The Rocket — February 22, 1980

Record Review
Review by Kevin Scher
The Rocket — Friday, February 22, 1980

Every now and then a recording artist of relatively scarce popularity puts out an album that vaults him over the wall of obscurity and lands him as a true rock-and-roll star. So is the case with Tom Petty and the Heartbreakers.

His latest album, Damn the Torpedoes, has sent Petty hurdling into the public eye. His recent appearance on “Saturday Night Live,” rockering record sales, and the album’s position in the upper slots of the record charts, illustrates T.P.’s sudden acceptance and popularity.

The main reason for Tom Petty and the Heartbreakers’ sudden success is their impressive new album, Damn the Torpedoes. Within the album lies a brand of some very catchy, convincing rock-and-roll. The songs grow on you quickly and maintain their vibrant, fresh sound time after time.

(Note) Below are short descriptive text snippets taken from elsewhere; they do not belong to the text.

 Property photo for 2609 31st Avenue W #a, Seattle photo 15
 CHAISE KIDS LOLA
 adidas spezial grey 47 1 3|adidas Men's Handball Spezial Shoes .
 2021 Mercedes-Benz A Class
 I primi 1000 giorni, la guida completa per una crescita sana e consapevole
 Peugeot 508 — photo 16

The propelling force behind Torpedoes is Petty’s dynamic vocals. He is truly one of the finest rock-and-roll vocalists to emerge in years. There is a vast improvement in his vocal abilities over his previous albums. His four-octave range gives the album a crisp, relentless tone throughout, as each song draws a slightly different Petty interpretion. His accentuation, feel, and timing is superb.

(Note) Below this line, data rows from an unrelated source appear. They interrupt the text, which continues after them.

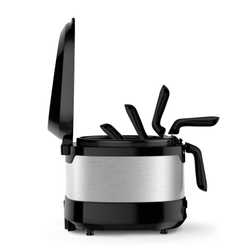 Фритюрница Moulinex Uno AF215D10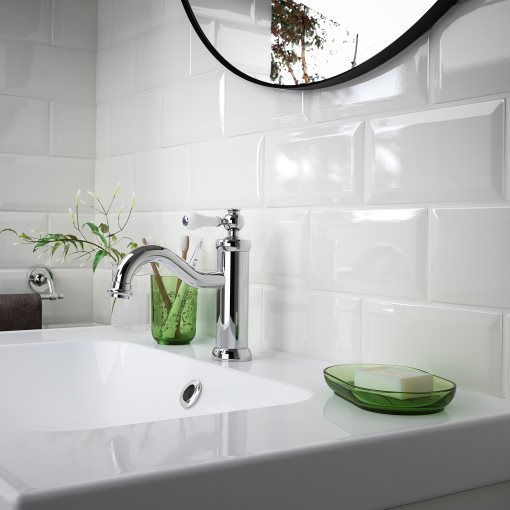 GROSSJÖN, 3-piece bathroom set, 405.918.59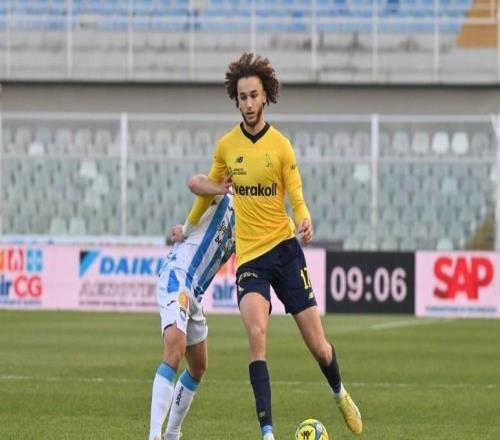 摩德納總監談馬索林：頗像伊利契奇和拉比奧，這樣球員不常見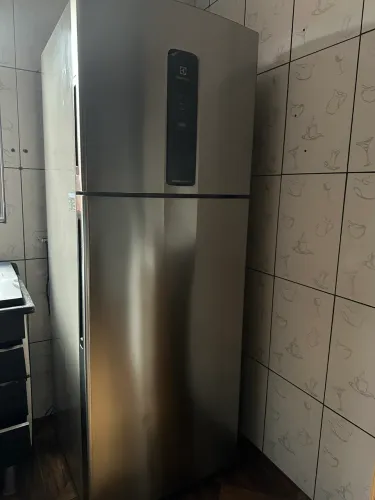 GELADEIRA ELETROLUX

As far as the musical content of Damn the Torpedoes is concerned, the Heartbreakers have it all sewn up. You can feel the energy that the group radiates on almost every cut. However, the album is missing one sorely needed element. There are absolutely no guitar solos on the entire album. There are several songs that are just crying out for a screaming guitar solo. This is particularly true on the romantic rocker, “Here Comes My Girk,” and the speedy “Century City.” Still, whatever is missing in solos is compensated for by the Heartbreakers’ unison, tightness, and Petty’s ripping vocals.

Tom Petty and the Heartbreakers have reached the high plateau of mass-accepted new wave that only few bands such as the “Cars” and “Blondie” have achieved. Damn the Torpedoes gets a solid 8 on my scale of 10. You can resrt assured that “Tom Petty and the Heartbreakers” will be around for a long, long time giving us plenty of great music in the years to come.